→ DATASET EXTRACT:
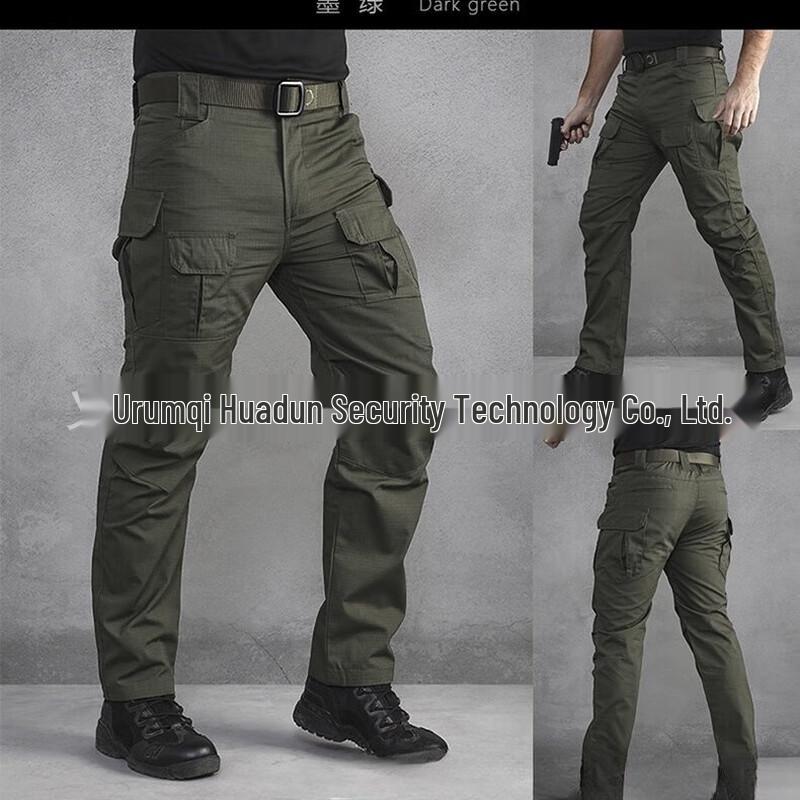 LONGQI Tactician IX2 Men s Tactical Cargo Pants S-XXL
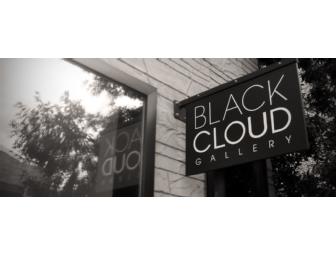 Black Cloud Gallery - children's mentoring and art exhibit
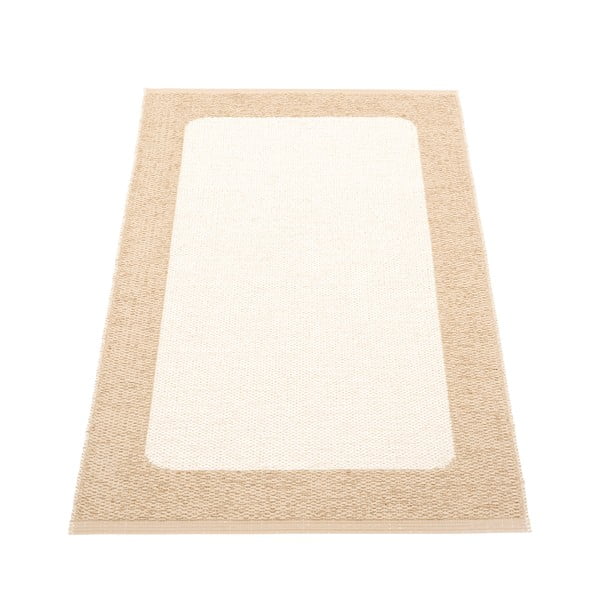 Beež-kreem sise/välisvaip 70x120 cm Ilda Beige – Pappelina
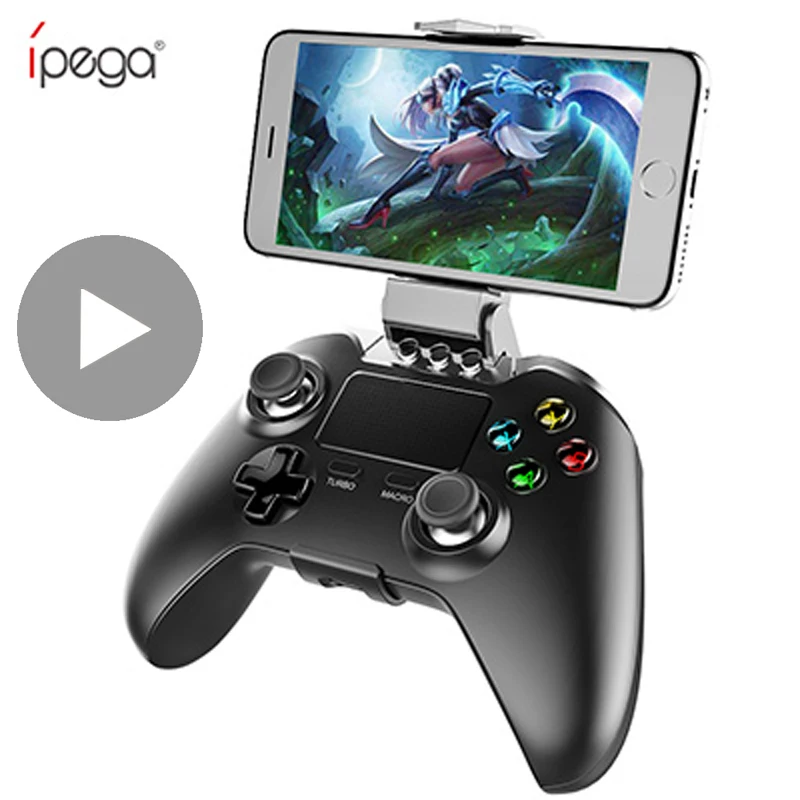 Беспроводной игровой коврик с управлением мобильный джойстик для сотового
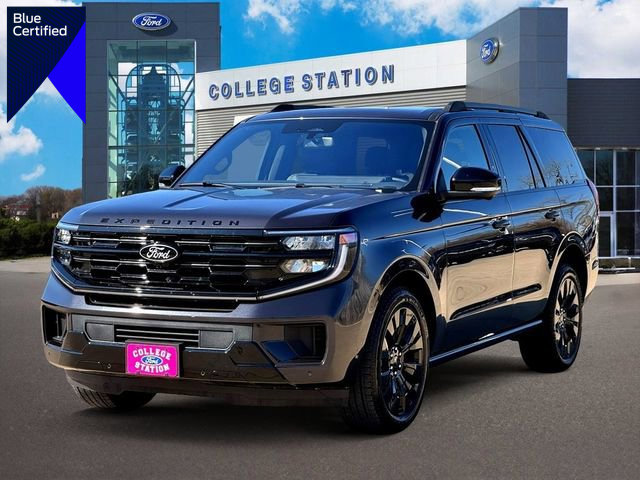 Certified 2025 Ford Expedition Platinum w/ Stealth Appearance Package image 1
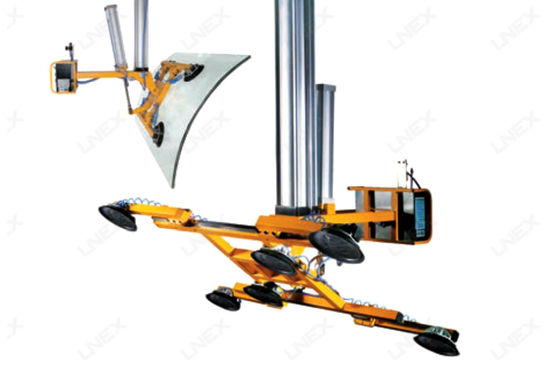 Pneumatic Vacuum Suction Cup Lifter 500kg For Tilting
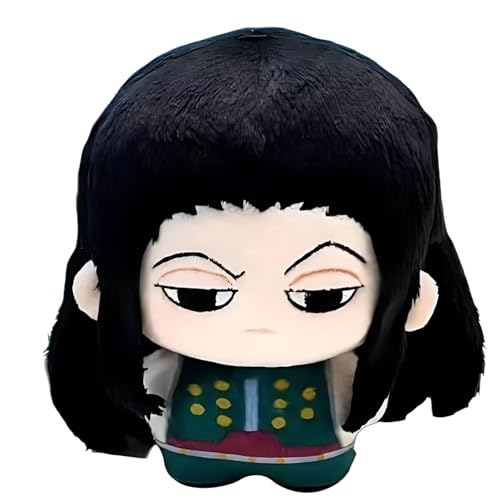 Hisoka Figur Anhänger Illumi Zaoldyck Figuren Sammlerstück Anime Kissen Tasche Charm Schlüsselanhänger Dekoration Hisoka Figur Anhänger Illumi Zaoldyck Figuren Sammlerstück Anime Kissen Tasche Charm Schlüsselanhänger Dekoration von Diohauxi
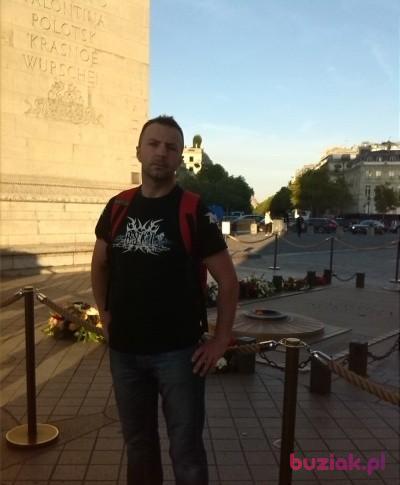 Przemysław, Male, 44, Siemiatycze, Polska, Photo: 1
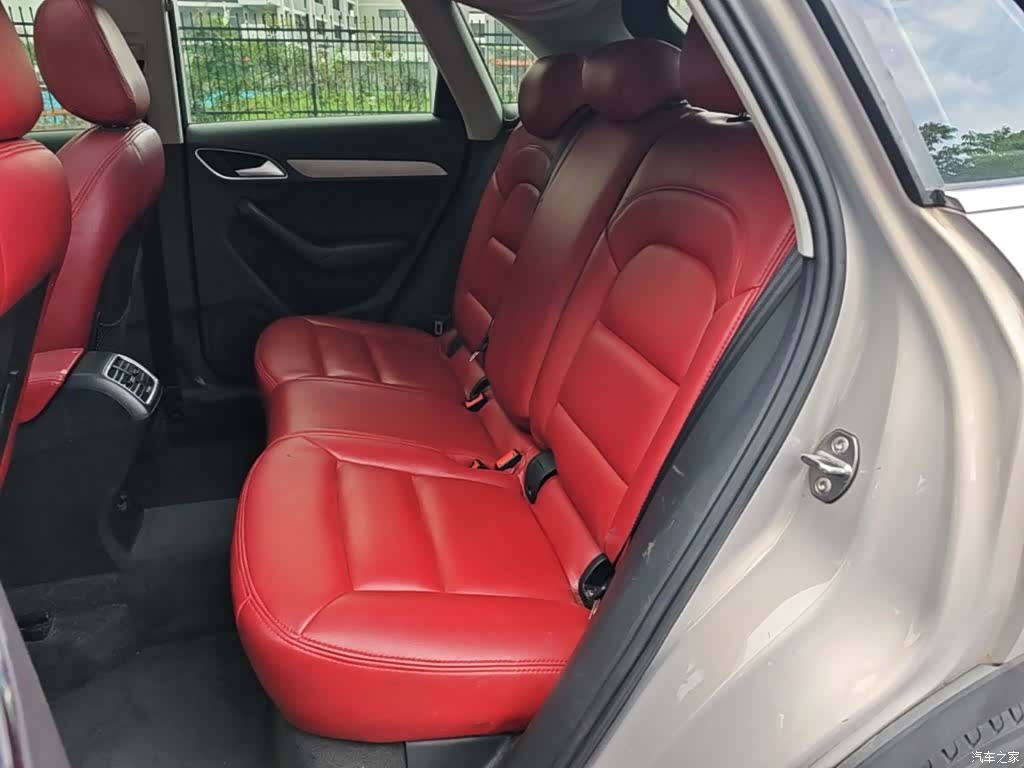 Audi Q3, 2015 17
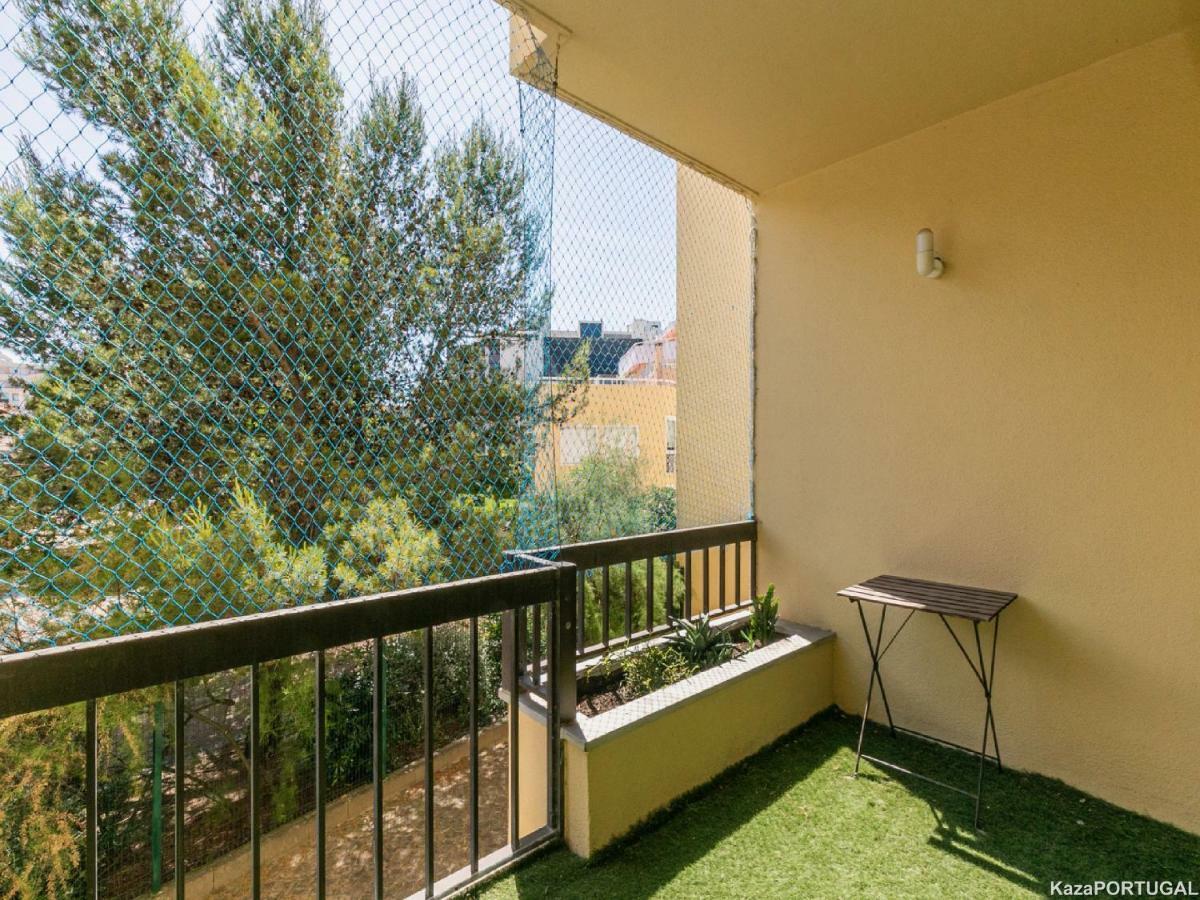 Appartamento Guia Alamos Cascais Esterno foto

→ INSTRUCTIONS FOR THE TASK: Needed here is only the span from the line with "Pneumatic Vacuum Suction" through the last line of the entries, copied exactly with both ends and without pictures.

→ RESPONSE AREA:
 Pneumatic Vacuum Suction Cup Lifter 500kg For Tilting
 Hisoka Figur Anhänger Illumi Zaoldyck Figuren Sammlerstück Anime Kissen Tasche Charm Schlüsselanhänger Dekoration Hisoka Figur Anhänger Illumi Zaoldyck Figuren Sammlerstück Anime Kissen Tasche Charm Schlüsselanhänger Dekoration von Diohauxi
 Przemysław, Male, 44, Siemiatycze, Polska, Photo: 1
 Audi Q3, 2015 17
 Appartamento Guia Alamos Cascais Esterno foto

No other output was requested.